Regardless of the temperature, I will take
the top off and look to see if I can find the bees. If I don't see them I put my ear above the inner cover hole and wrap the side of the hive. I listen for the buzz. Whole process takes maybe 10 seconds.

[ December 08, 2005, 07:58 PM: Message edited by: The Honey House ]


----------



## The Honey House (May 10, 2000)

.

[ December 08, 2005, 08:00 PM: Message edited by: The Honey House ]


----------



## FordGuy (Jul 10, 2005)

temperature MUST enter the equation. I strongly disagree with the notion to the nature of "depends on your perspective" like the thread above. There IS an OBJECTIVE scientific answer to this question. Now if you want to say, if you are talking less than ___ seconds, temperature doesn't matter, i'm with you. as such might simulate a strong gust of cold wind through the hole in the mouse guard.


----------



## The Honey House (May 10, 2000)

*your thoughts?*
_is what you asked,_ and then you change to wanting a definative temperature!  

My thoughts are ... 
If I do not freeze to death walking out to the hives, then it's warm enough for me look inside!


 
Maybe you should have used less legal ease and said something like "Never open a lid when the temperature is below what degree?"

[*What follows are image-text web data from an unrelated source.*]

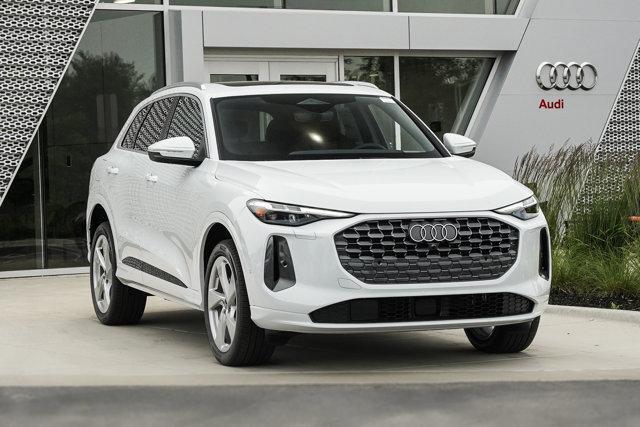 new 2025 Audi Q5 car, priced at $60,975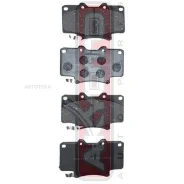 ������� ��������� �������� �������� Toyota Land Cruiser RJ70, LJ77, RJ73, Toyota LAND Cruiser 80 FZJ80/HDJ81/HZJ80 1990-2001 Akyoto AKD1142 Akyoto AKD...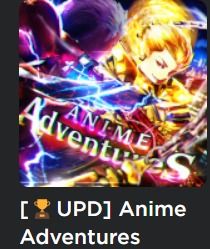 Anime Adventures Roblox limited units and skins (see discription), Video  Gaming, Gaming Accessories, In-Game Products on Carousell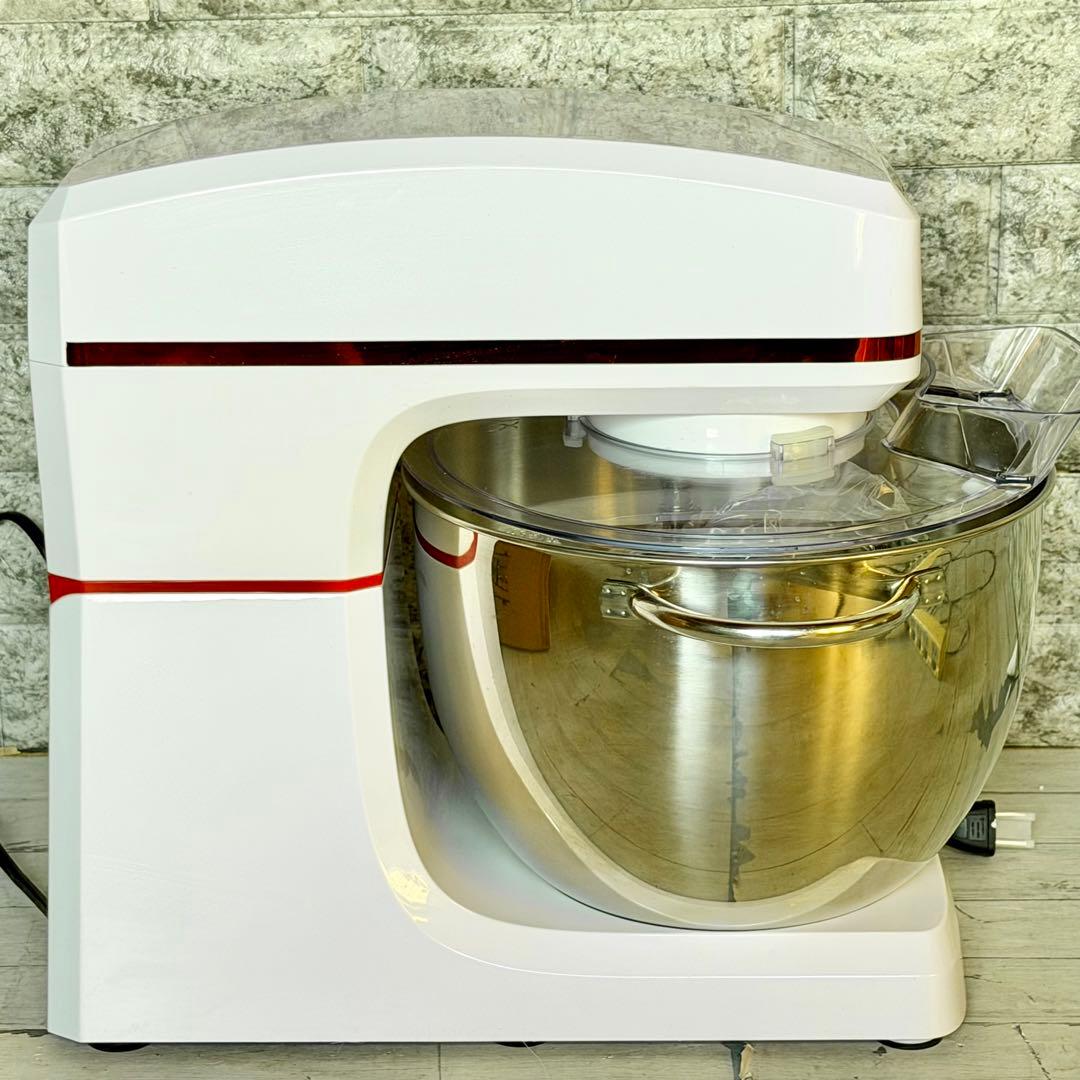 E&B 8L大容量スタンドミキサー 各種アタッチメント付き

[ December 08, 2005, 08:45 PM: Message edited by: The Honey House ]


----------



## MountainCamp (Apr 12, 2002)

I don't think that you have much to worry about in SC.
I open my hives up all winter to check on them, add feed when needed.
I am still feeding syrup and our daytime highs are in the 20's.
I start my spring feeding durng February, while temps here are well below freezing.
I have installed queens at the end of April in the snow, more then once.
I would ask why you want to open your hives?
You can obtain a significant amount of information without having to open the hive. 
By listening to the hive you can judge where they are located, how high the cluster is. By listening during the day and night, you can compare their movements and cluster size.
By know how the stores are arranged you can judge how they stand with stores.


----------



## tecumseh (Apr 26, 2005)

for tecumseh the minimum temperature for me to be tempted to pop a lid is about 40 degrees. at 40 degrees whatever I might be doing has to be fairly quick and dirty.


----------



## Jim Fischer (Jan 5, 2001)

There is no lower limit, as long as you do
not disturb the cluster.

The temperature only inches away from clustered
bees can be assumed to be the ambient temperature.
The bees do not heat the hive interior, they
keep the heat within the cluster.

So, if the "outside" temperature is 0, then
the majority of the airmass inside the hive
beyond the cluster is not going to much above 0.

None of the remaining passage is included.